▶ [WHAT YOU WILL DO]:
Please repeat only the stretch of records running from the first line through the line that contains "Kate spade new".

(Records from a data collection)

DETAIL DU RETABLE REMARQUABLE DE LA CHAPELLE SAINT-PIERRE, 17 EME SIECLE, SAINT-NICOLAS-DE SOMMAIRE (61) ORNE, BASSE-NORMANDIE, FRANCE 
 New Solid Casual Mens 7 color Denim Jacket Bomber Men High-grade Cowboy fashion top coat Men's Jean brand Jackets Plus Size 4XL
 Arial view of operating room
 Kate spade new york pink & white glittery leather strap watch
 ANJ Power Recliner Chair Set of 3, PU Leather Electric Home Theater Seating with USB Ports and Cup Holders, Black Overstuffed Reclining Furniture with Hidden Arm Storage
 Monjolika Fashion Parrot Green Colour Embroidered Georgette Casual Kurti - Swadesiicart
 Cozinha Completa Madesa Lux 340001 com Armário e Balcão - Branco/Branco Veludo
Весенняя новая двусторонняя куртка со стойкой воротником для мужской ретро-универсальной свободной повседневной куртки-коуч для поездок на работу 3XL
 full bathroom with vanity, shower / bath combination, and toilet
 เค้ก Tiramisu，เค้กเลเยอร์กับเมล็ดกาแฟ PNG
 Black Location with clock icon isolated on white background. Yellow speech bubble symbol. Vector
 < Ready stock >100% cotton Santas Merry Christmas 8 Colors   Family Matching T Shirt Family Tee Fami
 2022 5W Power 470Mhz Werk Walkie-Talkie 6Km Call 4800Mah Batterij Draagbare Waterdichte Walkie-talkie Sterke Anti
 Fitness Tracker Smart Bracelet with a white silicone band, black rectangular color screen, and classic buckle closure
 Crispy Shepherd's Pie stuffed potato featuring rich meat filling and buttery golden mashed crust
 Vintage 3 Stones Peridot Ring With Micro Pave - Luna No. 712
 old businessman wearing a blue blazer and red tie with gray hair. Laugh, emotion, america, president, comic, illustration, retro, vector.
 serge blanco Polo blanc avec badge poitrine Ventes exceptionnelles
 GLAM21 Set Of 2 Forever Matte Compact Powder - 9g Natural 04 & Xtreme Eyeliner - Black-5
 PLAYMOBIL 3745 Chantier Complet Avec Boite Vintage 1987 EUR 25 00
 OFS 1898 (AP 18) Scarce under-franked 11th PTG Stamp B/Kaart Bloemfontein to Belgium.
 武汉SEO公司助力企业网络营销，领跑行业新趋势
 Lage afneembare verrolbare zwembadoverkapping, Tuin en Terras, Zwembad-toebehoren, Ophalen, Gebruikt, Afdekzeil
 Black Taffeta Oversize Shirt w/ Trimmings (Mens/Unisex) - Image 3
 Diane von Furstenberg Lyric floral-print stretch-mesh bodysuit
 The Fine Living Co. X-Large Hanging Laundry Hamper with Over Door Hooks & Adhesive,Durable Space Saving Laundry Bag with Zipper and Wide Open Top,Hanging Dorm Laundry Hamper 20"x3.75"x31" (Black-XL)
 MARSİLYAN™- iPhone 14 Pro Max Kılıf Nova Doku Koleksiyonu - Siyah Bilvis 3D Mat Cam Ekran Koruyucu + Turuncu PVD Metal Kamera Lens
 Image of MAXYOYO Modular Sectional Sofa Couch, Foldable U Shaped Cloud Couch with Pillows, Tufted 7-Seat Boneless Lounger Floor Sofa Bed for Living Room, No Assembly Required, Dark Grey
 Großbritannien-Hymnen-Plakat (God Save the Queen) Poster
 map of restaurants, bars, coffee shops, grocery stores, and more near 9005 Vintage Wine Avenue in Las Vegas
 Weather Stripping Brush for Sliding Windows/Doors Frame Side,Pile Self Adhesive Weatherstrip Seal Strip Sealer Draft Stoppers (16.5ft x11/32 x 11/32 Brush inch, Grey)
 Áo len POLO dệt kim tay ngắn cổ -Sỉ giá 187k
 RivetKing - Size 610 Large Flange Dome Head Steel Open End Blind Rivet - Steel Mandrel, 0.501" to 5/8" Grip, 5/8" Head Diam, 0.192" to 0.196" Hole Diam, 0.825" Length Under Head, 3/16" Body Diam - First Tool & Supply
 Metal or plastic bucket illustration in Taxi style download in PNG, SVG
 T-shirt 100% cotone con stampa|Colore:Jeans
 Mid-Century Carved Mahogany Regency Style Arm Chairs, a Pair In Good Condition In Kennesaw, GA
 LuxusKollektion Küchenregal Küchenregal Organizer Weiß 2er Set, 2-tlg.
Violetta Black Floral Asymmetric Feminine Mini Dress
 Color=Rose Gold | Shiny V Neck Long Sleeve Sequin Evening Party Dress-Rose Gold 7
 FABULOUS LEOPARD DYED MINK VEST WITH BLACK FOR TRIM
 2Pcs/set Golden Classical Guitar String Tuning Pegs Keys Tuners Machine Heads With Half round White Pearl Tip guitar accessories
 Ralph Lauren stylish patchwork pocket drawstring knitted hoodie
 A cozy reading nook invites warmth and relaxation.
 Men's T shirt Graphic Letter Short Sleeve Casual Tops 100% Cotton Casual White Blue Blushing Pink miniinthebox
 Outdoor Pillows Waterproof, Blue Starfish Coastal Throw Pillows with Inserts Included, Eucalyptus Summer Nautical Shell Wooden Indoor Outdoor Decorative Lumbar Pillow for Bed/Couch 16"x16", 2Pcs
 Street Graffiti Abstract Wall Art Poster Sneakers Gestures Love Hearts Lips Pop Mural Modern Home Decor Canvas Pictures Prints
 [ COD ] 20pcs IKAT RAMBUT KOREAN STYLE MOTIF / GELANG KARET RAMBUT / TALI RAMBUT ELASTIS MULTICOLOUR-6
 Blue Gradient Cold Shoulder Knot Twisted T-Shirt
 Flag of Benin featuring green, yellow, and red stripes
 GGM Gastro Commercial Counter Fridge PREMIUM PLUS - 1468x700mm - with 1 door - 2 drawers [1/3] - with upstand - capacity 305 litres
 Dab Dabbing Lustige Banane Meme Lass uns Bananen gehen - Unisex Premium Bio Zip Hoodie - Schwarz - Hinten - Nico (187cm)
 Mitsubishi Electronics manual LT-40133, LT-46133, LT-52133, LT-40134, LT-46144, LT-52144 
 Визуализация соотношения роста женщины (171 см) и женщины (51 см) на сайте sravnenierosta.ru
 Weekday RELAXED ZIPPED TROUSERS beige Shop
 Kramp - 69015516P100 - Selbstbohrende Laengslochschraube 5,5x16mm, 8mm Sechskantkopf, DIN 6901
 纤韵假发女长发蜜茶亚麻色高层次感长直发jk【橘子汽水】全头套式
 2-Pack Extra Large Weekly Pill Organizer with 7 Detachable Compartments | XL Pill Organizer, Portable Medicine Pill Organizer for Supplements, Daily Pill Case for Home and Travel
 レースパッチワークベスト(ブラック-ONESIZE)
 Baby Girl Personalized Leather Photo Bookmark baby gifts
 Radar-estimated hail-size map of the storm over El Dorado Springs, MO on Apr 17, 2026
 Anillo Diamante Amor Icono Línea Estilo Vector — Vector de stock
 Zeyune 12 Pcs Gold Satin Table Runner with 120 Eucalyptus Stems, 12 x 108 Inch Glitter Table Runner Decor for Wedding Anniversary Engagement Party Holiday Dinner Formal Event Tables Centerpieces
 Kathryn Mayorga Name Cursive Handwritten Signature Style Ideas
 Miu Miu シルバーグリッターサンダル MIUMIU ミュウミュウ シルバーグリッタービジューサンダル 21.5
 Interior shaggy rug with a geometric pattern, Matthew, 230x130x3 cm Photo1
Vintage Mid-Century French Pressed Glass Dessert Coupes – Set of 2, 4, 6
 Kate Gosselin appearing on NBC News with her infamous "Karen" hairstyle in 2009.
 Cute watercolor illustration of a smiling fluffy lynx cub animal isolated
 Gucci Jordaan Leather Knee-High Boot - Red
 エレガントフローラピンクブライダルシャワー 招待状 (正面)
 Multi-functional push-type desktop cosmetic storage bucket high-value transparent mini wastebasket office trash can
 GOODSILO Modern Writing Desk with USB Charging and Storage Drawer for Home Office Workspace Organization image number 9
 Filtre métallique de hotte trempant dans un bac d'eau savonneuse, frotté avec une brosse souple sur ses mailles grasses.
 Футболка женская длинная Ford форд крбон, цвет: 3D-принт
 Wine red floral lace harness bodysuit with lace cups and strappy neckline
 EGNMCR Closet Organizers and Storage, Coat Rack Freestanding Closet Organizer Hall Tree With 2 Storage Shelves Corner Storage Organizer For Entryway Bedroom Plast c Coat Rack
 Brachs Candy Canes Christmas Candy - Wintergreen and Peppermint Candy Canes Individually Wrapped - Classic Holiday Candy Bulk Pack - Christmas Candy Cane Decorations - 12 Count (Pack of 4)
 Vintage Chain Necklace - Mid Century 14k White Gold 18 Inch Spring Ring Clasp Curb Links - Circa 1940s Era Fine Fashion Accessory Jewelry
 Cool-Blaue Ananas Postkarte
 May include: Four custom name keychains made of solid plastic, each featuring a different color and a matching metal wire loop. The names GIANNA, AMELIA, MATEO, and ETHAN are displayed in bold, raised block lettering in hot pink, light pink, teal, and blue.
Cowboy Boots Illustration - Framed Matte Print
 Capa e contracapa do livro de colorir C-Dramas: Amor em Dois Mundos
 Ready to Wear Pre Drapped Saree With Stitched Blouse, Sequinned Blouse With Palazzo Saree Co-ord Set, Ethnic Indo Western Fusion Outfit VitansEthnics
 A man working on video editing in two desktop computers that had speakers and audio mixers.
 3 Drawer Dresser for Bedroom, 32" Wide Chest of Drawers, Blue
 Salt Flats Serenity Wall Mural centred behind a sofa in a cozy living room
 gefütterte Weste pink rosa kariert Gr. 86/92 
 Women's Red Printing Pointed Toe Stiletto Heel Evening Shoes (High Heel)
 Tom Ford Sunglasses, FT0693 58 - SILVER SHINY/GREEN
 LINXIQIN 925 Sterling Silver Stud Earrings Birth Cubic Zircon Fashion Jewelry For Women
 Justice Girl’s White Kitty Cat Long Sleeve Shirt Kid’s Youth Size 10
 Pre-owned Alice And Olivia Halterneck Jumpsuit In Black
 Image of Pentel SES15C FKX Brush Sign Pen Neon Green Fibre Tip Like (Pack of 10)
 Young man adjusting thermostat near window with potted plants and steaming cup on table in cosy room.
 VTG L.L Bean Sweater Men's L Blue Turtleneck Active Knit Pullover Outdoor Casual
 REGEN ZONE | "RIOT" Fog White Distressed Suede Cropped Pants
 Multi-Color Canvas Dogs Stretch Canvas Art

▶ [ANSWER AREA]:
DETAIL DU RETABLE REMARQUABLE DE LA CHAPELLE SAINT-PIERRE, 17 EME SIECLE, SAINT-NICOLAS-DE SOMMAIRE (61) ORNE, BASSE-NORMANDIE, FRANCE 
 New Solid Casual Mens 7 color Denim Jacket Bomber Men High-grade Cowboy fashion top coat Men's Jean brand Jackets Plus Size 4XL
 Arial view of operating room
 Kate spade new york pink & white glittery leather strap watch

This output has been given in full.